SUBTERRANEAN POP: Bruce Pavitt’s “Sub Pop USA”

Sub Pop book

In 1980 a tiny Northwest fanzine appeared on the horizon. Its mission? To decentralize rock ‘n’ roll and help put regional scenes within the grasp of independent music lovers across the USA. And while it may have only lasted a few years, its ultimate cultural arc and legacy remain profound to this day.


“Things started to click. I realized the freakiest, most interesting stuff was happening on the fringes, whether that was Devo in Akron or Teenage Jesus and the Jerks in NYC. These regional bands became an obsession of mine.”

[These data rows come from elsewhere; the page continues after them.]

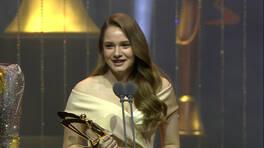 Miray Daner, Yıldızı Parlayan Genç Oyuncu Ödülünü Aldı!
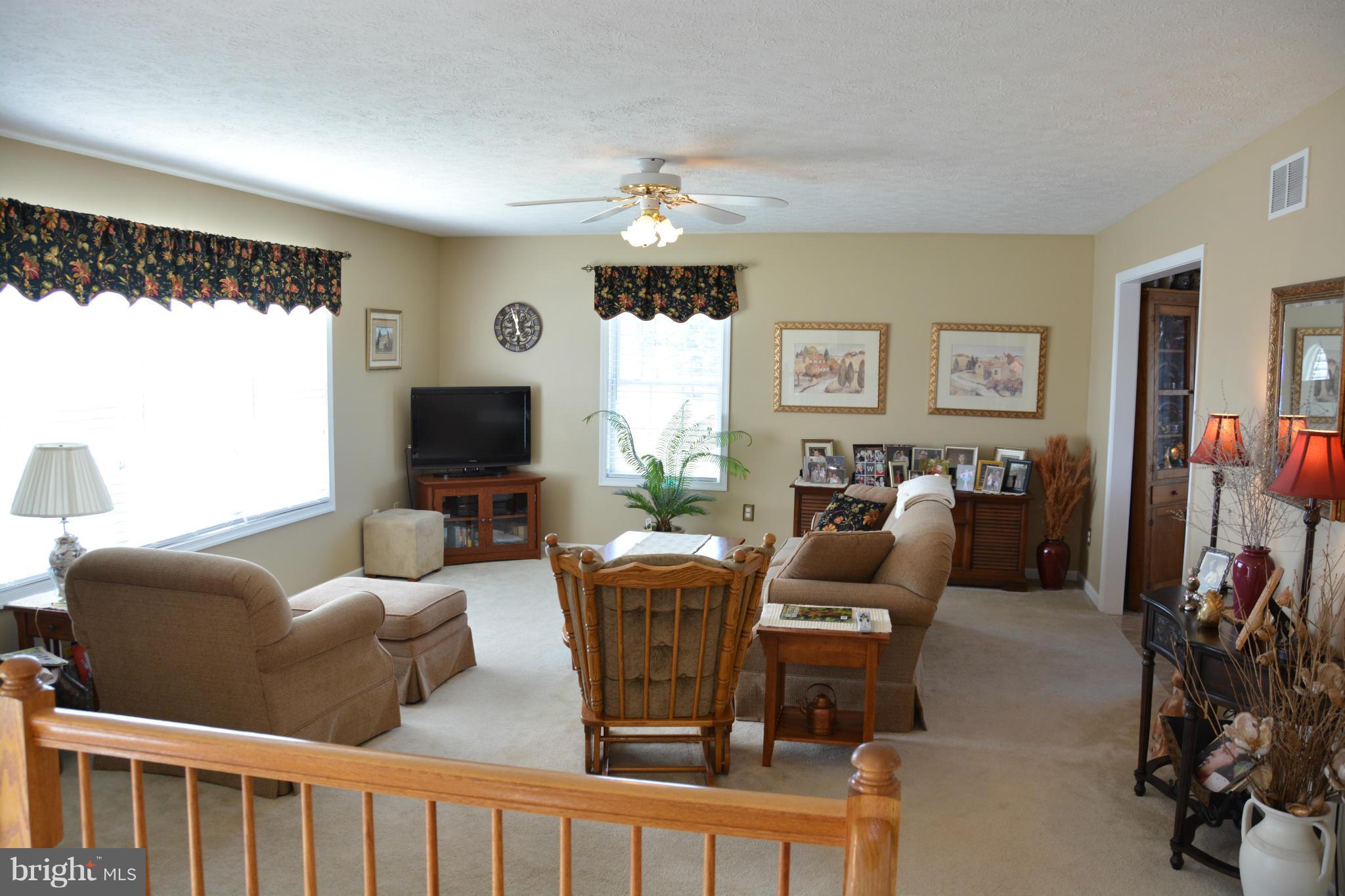 4341 Apple Pie Ridge Road Winchester, VA 22603 - Photo 24 of 30 Quite spacious, nice views out the front!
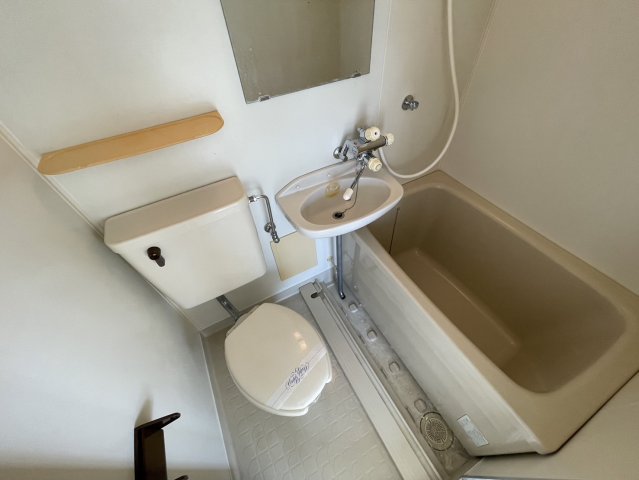 バス・シャワールーム　コンパクトで使いやすいお風呂です
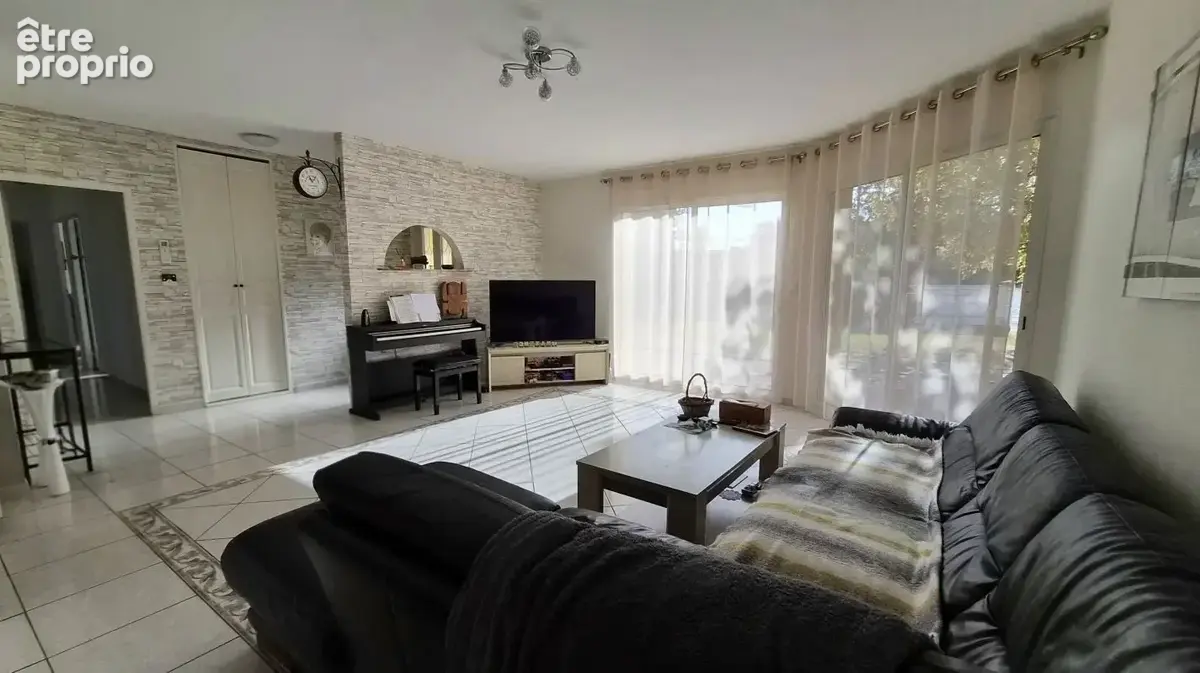 Maison 6 pièces 142 m² à vendre à Montjoire (31380) - photo 3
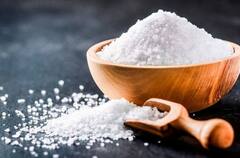 Rock vs table salt : रॉक सॉल्ट कि टेबल सॉल्ट रोजच्या आहारात कोणते योग्य ?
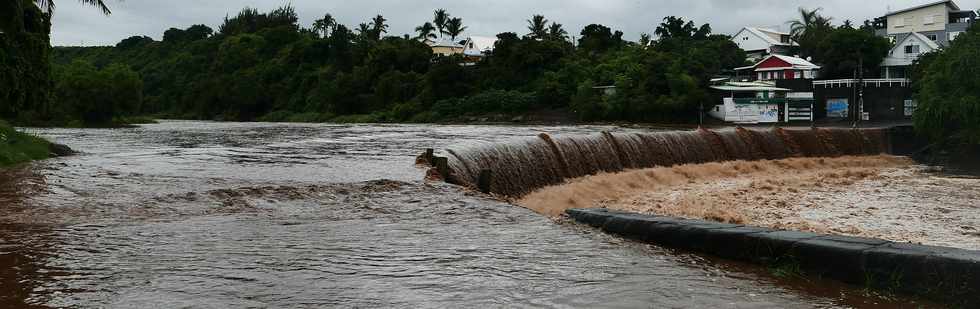 5 mars 2018 - St-Pierre - Cyclone Dumazile - Radier de la rivière d'Abord submergé -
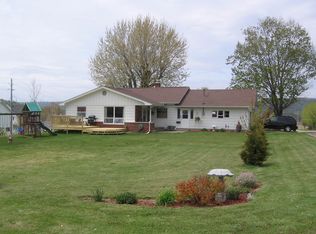 215 E Harrison St, Viola, WI 54664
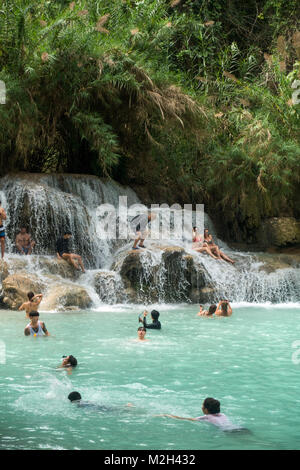 Luang Prabang i turisti a Kuang Si cascate Foto Stock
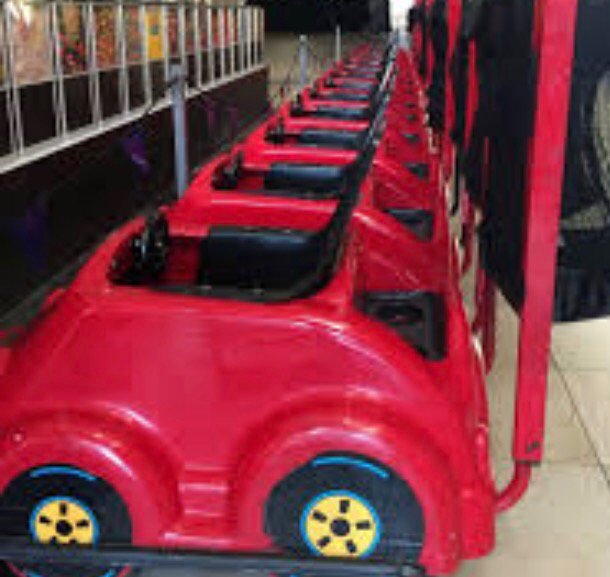 RinO2o's tweet image. Overheard at the mall..."Daddy I can't drive that. I don't have a license." #waytoocute
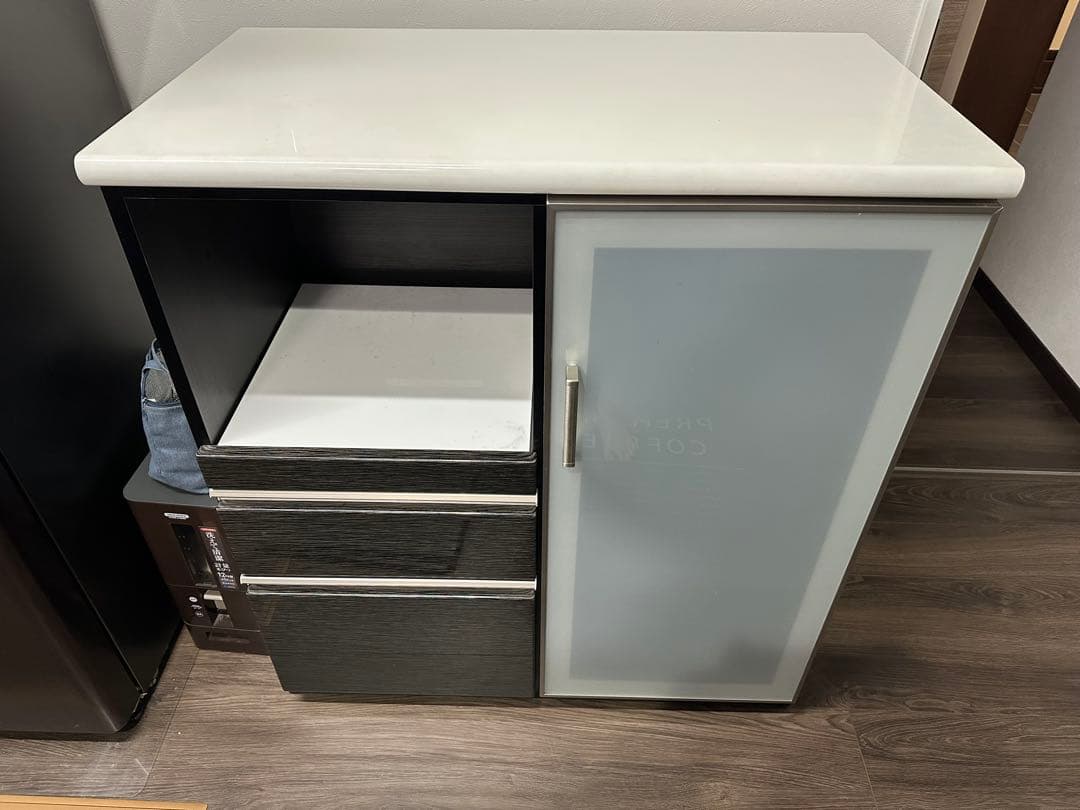 【値下げ可能】コンパクト食器棚 ホワイト ブラック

That’s a quote from Bruce Pavitt, in the introduction to his recently published book Sub Pop USA: The Subterranean Pop Music Anthology, 1980-1988 (Bazillion Points Press), but it could’ve just as easily been uttered by yours truly, or any number of music writers who got their starts around the same time as Pavitt. See, in the late ‘70s I was working at a record store in North Carolina, having dropped out of law school after one remarkably inauspicious year, and I was also publishing a punk/New Wave fanzine called Biohazard Informae, having inherited it from the members of Chapel Hill’s H-Bombs (Peter Holsapple, Mitch Easter, Robert Keely, Chris Chamis). They’d originally started it as a means to help promote their band, but the ‘zine gradually evolved into a “proper” publication that covered the local scene as well as numerous national acts—bands like Cleveland’s Pere Ubu, Detroit’s Destroy All Monsters, DC’s Insect Surfers and, yes, Devo and Teenage Jesus and the Jerks, along with such already-established icons as the Ramones, Television, Dwight Twilley, Patti Smith and the B-52’s and even the occasional cult heroes (think: Big Star, Flamin’ Groovies).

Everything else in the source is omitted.